Talvar is a very well made film -- despite its length and some brief scenes that could have been edited out. But it is also a very uncomfortable film to watch, and that is what makes it so good. A good film should be able to get into our skin, challenge us, shake us up and Talvar does all of that.
The details about Aarushi and Hemraj's killings in Noida are known to most people in India. It was the most talked about double murder case until a few weeks ago when Sheena Bora's murder story broke out, much to the delight of the broadcast media and each one of us who could not seem to get enough of the salacious reports. And the like the Talwar-Banjade killings, Bora's murder and the scandal surrounding it also happened to people like us.
But even when we know about the Aarushi and Hemraj killings, Gulzar grabs our attention -- focusing on a couple of possibilities. Each time a different scenario of the murders is examined, Shruti and Hemraj are killed one more time before our eyes. And in each Rashomon-like situation a new 'truth' seems to emerge.
Gulzar and Bhardwaj go about methodically developing the police procedural without making any judgments or actually solving the murders. Solving the crime is beyond their expertise and in any case, that is not the purpose of the film.
It has been eight years since Gulzar made her last film -- one of the segments in Dus Kahaniyaan. She was perhaps busy with personal life, but that break has made her into a damn good director. Working with superb lead actors and an excellent supporting cast -- many who get the chance to shine, Gulzar has created a remarkable ensemble piece of drama.
A lot of fingers point towards Shruti's parents -- Ramesh (Neeraj Kabi) and Nupur (Konkana Sensharma). Kabi and Sensharma are both seasoned actors. Here, they balance the acts of playing the wrongly accused as well as grieving parents. It is tough task for them, more so because many in the audience will visit the film with their own baggage and the belief that they know the identity of the killers.
Watching Kabi and Sensharma one cannot conclusively say that Shruti (or Aarushi)'s parents could be guilty.

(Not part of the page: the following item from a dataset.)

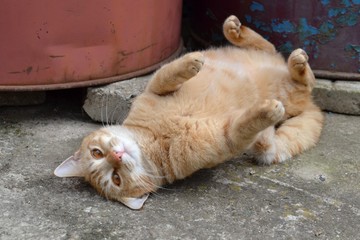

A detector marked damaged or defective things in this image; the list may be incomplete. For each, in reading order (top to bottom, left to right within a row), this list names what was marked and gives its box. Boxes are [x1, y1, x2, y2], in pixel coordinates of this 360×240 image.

cracked concrete [0, 89, 360, 239]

Talvar's central core is Irrfan Khan's performance where he plays one of the most complex and nuanced roles of his career. There are many shades to Khan's CBI Inspector Ashwin Kumar that it is so rewarding to watch this gem of an actor display his skills. And by the look of it, Khan seems to have really enjoyed playing Kumar.
There is a side plot in the film that gives us Khan's back-story -- his troubled marriage to Tabu. Irrfan Khan and Tabu together are a dream cast. Bhardwaj has worked with them twice, including in last year's Haider and in Talvar he even gets to tip his hat to the director's father Sampooran Singh Kalra aka Gulzar's 1987 film Ijaazat and its iconic song Mera Kuch Samaan.

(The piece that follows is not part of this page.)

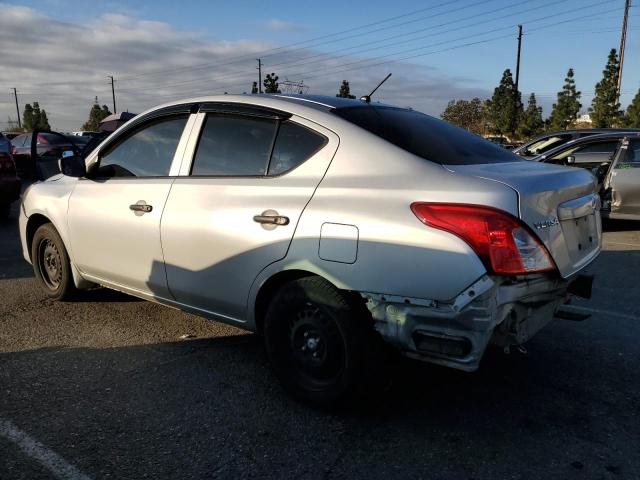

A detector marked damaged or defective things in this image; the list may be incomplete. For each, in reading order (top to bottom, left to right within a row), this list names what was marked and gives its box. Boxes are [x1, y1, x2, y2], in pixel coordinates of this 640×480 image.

damaged rear bumper [362, 274, 588, 372]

All of this indulgence can be fine, but it also feels like a diversion and it makes Talvar a tad bit long. Khan's Kumar stands tall despite this back story.
The advantage of working with Bhardwaj (he is also one of the film's producers) is that he can contribute his multi-faceted talents to the project. So as expected, Talvar's music is composed by Bhardwaj adding to the dark texture of the film. And as a package deal we also get to hear Rekha Bhardwaj's rich melodious voice singing the film's closing song Zinda.